A avaliação sobre os níveis de apropriação da cultura digital nos deixa hoje preocupados quanto aos (des)caminhos da educação. O aperfeiçoamento de métricas adequadas e precisas para essa avaliação é uma tarefa obrigatória, já em curso, que permitirá diagnósticos precisos e orientação de investimentos futuros.
É notório o déficit de professores com nível superior para atuar nas salas de aula da educação básica. Essa carência tem sido apontada como um dos fatores responsáveis pelo baixo desempenho dos alunos em exames nacionais e internacionais. Por que então não atacar a questão fundamental da formação de professores com programas alicerçados em uma cultura digital que lhes permita mergulhar diariamente em ambientes digitais de educação aberta? Por que não integrá-los ao número crescente de educadores que já colaboram em comunidades de prática por meio da internet, nas quais professores ampliam seus horizontes de formação e informação?
Programas de formação inicial e continuada de professores podem e devem fazer uso intenso do computador como forma de flexibilizar a freqüência aos cursos universitários e ampliar o acesso de trabalhadores à educação superior de qualidade. Já é hora de as universidades arregaçarem as mangas, combinando ensino, pesquisa e extensão, a fim de contribuir para o debate sobre a inclusão digital. Cursos de graduação à distância, apoio ao jovem do ensino médio, promoção de novas formas de cidadania por meio de utilização inteligente das mídias digitais são pautas imprescindíveis da agenda educacional do país. É o exemplo que, pelo quinto ano seguido, a Cidade do Conhecimento da USP oferece à comunidade de educadores brasileiros.
Não se trata mais de discutir se o computador vai à escola, mas sim de definir uma política do país para a inclusão digital que contemple o sistema educacional em sua plenitude, de forma articulada com outros espaços de aprendizado, nas casas, nas empresas e nas associações da sociedade civil que tenham poder de mobilização e vontade de criação de novas propostas de transformação social.

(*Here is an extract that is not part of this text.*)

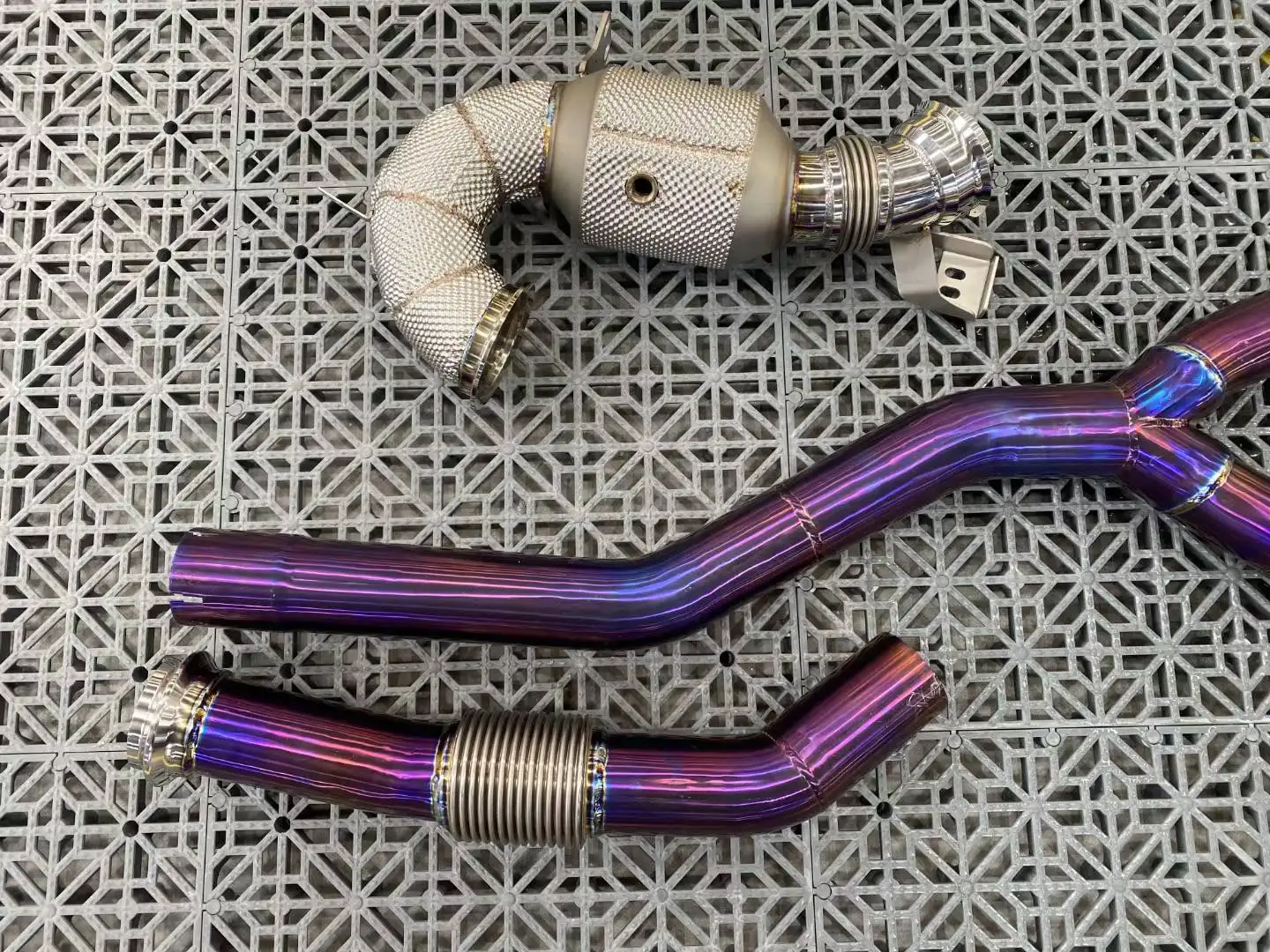 Titanium Alloy Catted Downpipe and Catback Exhaust Pipe Muffler with Valves for BENZ GLE53 3.0T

Marcelo Giordan, 38, professor da Faculdade de Educação da USP, e Lilian Starobinas, 39, historiadora e doutoranda em educação na mesma universidade, coordenam o programa Educar na Sociedade da Informação, da Cidade do Conhecimento. Gilson Schwartz, 45, professor do Departamento de Audiovisual da Escola de Comunicações e Artes, é fundador e diretor da Cidade do Conhecimento da USP e assessor da presidência do BNDES.